Senior regulators say they are seriously considering a plan to have the nation’s healthy banks lend billions of dollars to rescue the insurance fund that protects bank depositors. That would enable the fund, which is rapidly running out of money because of a wave of bank failures, to continue to rescue the sickest banks.
The plan, strongly supported by bankers and their lobbyists, would be a major reversal of fortune.
It's hard to put this into words. First, which are these healthy banks? Most of them are healthy only because of their own bailout. Now, they are going to turn around and lend their own insurer money. Of course, how would you feel if you are the average consumer trying to get a loan? You can't get one but the FDIC can get one.
This is also another sign that our banking system is far from healthy. We have healthy banks. Yet, the FDIC has had to step in on so many banks that they are unhealthy. There's troubling news from FHA and the commercial mortgage crisis is just around the world. So, there's still plenty of trouble on the horizon.

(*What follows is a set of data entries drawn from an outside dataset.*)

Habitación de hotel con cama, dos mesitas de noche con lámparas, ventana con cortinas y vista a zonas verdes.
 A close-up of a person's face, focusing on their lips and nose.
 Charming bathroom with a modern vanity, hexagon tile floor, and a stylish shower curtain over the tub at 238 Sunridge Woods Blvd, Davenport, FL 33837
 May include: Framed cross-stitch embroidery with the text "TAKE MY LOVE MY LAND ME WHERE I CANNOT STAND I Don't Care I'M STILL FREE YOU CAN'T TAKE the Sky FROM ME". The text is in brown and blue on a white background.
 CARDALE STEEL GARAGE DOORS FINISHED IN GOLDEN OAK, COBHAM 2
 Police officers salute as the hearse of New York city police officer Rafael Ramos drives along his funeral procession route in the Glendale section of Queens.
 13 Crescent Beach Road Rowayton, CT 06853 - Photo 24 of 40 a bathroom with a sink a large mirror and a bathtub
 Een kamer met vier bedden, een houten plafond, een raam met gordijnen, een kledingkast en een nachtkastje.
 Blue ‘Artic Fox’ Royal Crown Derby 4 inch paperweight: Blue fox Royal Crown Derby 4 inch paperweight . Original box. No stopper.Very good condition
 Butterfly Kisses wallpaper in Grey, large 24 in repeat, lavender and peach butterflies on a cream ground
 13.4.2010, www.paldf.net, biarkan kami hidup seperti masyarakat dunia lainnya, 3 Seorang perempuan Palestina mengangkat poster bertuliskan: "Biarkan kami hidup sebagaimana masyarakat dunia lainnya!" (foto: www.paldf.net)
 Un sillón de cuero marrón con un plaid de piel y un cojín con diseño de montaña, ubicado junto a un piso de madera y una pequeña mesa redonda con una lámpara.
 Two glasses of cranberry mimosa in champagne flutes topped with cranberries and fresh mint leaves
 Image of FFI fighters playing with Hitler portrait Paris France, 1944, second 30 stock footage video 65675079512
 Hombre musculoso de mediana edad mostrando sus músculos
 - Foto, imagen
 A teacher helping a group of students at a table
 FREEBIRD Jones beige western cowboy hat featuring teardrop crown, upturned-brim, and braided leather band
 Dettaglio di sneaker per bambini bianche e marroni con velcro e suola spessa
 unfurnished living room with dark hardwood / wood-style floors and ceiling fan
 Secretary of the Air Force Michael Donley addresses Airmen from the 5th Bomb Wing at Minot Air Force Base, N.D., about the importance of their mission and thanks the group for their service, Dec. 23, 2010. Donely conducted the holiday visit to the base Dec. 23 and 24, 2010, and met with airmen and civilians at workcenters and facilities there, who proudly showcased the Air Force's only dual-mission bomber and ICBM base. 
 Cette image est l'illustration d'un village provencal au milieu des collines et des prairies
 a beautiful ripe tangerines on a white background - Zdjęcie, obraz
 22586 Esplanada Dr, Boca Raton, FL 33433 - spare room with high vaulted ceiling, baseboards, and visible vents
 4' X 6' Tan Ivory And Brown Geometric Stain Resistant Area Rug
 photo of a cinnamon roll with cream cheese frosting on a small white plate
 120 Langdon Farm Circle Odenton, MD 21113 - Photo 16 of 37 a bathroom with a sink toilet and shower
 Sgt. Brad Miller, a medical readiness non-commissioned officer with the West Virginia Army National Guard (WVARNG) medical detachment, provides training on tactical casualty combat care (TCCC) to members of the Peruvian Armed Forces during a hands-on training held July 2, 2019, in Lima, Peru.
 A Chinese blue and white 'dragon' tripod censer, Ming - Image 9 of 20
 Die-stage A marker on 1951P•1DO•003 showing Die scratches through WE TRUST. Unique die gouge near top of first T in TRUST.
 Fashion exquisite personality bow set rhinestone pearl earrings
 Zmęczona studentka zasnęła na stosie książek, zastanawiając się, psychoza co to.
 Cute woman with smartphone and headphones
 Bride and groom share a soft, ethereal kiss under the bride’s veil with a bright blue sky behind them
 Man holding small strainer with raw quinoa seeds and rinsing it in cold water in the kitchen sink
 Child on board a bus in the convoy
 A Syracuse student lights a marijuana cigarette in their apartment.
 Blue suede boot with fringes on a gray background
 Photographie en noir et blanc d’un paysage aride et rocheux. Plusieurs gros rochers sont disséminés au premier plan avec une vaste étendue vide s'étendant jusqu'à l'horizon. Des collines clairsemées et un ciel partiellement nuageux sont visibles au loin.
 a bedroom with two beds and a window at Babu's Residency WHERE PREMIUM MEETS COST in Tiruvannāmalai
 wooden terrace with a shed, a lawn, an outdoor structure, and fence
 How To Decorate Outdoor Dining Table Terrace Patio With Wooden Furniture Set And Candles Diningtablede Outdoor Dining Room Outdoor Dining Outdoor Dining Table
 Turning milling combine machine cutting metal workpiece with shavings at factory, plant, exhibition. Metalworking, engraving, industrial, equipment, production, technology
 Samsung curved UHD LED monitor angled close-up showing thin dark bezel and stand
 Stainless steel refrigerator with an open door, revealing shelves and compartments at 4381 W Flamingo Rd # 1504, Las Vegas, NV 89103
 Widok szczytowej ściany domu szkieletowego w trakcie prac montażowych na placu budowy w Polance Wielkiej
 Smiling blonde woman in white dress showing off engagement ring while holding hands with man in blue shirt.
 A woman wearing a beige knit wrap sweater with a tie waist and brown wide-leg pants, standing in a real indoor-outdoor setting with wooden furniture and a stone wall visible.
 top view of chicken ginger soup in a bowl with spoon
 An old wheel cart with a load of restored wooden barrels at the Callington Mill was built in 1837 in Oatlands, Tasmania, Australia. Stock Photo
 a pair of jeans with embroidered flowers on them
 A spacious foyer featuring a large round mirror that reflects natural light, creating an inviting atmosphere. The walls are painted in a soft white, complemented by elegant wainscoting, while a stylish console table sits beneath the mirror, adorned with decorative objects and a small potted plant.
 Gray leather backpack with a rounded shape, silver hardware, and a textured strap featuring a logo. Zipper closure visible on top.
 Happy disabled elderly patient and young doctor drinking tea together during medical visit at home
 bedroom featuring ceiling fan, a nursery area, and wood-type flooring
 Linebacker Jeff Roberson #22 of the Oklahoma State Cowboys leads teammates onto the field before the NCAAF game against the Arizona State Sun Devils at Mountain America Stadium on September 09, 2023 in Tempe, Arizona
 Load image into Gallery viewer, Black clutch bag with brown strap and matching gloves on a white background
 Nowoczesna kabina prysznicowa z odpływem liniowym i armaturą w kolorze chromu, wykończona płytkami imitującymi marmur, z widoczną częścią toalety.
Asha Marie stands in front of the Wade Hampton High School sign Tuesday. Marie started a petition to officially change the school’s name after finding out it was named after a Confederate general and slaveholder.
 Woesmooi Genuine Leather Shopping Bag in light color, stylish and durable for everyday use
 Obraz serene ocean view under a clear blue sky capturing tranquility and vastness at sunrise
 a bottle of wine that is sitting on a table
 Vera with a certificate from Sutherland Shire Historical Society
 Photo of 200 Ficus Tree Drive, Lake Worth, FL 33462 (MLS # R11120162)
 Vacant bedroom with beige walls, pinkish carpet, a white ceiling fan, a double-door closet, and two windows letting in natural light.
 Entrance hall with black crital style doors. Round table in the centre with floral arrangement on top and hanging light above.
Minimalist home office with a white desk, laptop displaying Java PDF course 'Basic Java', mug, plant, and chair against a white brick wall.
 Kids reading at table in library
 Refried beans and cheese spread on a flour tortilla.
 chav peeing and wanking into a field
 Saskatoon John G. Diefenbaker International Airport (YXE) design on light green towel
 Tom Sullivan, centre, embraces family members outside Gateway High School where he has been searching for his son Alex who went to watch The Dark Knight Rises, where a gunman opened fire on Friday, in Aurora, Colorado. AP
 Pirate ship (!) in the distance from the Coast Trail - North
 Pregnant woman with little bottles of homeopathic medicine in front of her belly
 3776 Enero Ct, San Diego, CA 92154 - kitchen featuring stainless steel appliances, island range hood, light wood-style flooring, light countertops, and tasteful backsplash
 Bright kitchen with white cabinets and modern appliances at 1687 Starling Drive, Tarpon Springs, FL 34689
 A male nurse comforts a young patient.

Bond rates are inching up. The ten year U.S. Treasury is now trading at 3.49%. It bounced between 3.39-3.44 for about a week but then broke through that range yesterday. The yield spread between the two and ten year is also back to 2.50%. That's the highest in weeks.
Oil is back above $71 a barrel. It's currently trading at $71.50 a barrel after it fell below $70 a barrel at the close yesterday. The weak dollar likely has at least something to do with that. (oil is traded in dollars and so a weak dollar puts upward pressure on oil)
Markets around the world were nearly unanimously up. In the Far East, the were up almost across the board while in Europe, they were up across the board. The Hang Seng was up 1.06%, the Straits Time Index in Singapore was 1.42%, while the NIKKEI was still even. The broader Chinese index was down 2.34% and was one of two Far East indices that was down. In Europe, the FTSE in London was up .84%, the DAX in Germany was up .99% and the Spanish index was up 1.11%.
The Dollar is down .82% against the Euro, down .74% against the British Pound and down .92% against the Japanese Yen.